I will complete four years in July 2018 and my time here has been wonderful. I feel at home in India. It has been like living with friends and acquaintances in a place that is both hospitable and rich in history and culture. Incredible India is not just a tagline – the country is, indeed, incredible for citizens and visitors alike. Learning about India, exploring parts of the country, partnering with the people here – every moment has been amazing. The past few years have also been wonderful professionally. I will be completing my tenure here in a few months, and will return to Israel with beautiful memories.
What are the similarities you find between India and Israel?
Both countries boast a rich heritage, having nurtured and preserved their traditions. India and Israel are also relatively young democracies, having attained Independence in 1947 and 1948 respectively. I see similarities in the youth too, who are eager to succeed and ready to take on the future. Despite the differences in location and population, the two nations have found a way to complement each other. This is perhaps a reason why partnerships between the two
countries are not just restricted to business. Had you been to India earlier?

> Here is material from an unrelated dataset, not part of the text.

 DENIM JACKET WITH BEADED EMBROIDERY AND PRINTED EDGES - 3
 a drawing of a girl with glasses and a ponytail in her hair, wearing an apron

I had visited India in 2013. At that time, I was heading MASHA V, Israel’s Agency for International Development Cooperation, which, along with the Government of India, is currently operating 22 centres of excellence across India and still counting. I had come to inaugurate a centre in Haryana with the state’s chief minister and the former Israel ambassador. When I saw the impact the centre had on the farmers, I decided to submit my candidature for the position of ambassador.
Where have you travelled to in India?
Even though most of my visits have been for work, I have been able to travel quite a lot here. I have been to Dharamsala (Dharamshala) in Himachal Pradesh, Mumbai in Maharashtra, Mangaluru in Karnataka, Kolkata in West Bengal, Agra and Lucknow in Uttar Pradesh, Hyderabad and states such as Bihar, Gujarat, Punjab and Mizoram. I have also enjoyed family vacations in Goa and Shimla.
Is there any place in the country that you wish to travel to?
I would like to go higher in the mountains, which I haven’t been able to do yet. I would also like to visit Dehradun, Mussoorie, Odisha and Hampi. I would also like to travel to Kerala, specifically Kochi, and visit the Jewish community there. I would like to go and visit the synagogues in the state, and hope to do all this in the few months I have left in my India tenure.
What would you suggest an Israeli do in India?
It all depends on how much time one is planning to spend in the country. I would suggest diversifying – dividing a trip into various experiences. Do not try to cover the entire country in two weeks – it is not possible to do so, and one would not get a real taste of India. One should meet locals, learn about the country’s history and gain deeper insight into its culture.
What would you suggest an Indian do in Israel?
I would suggest something similar to an Indian visiting Israel – interact with people; learn about the history, culture, diversity and traditions; and see the beautiful natural landscape. An Indian will be able to explore Israel in a few days. The longest drive you can take in the country is a four-hour one from the south to the north.
What would you like to say about Air India’s new direct flight to Tel Aviv?
The flight has been a real breakthrough for both countries. A year ago, I would have said that connectivity was a challenge, but this new direct flight has changed things dramatically.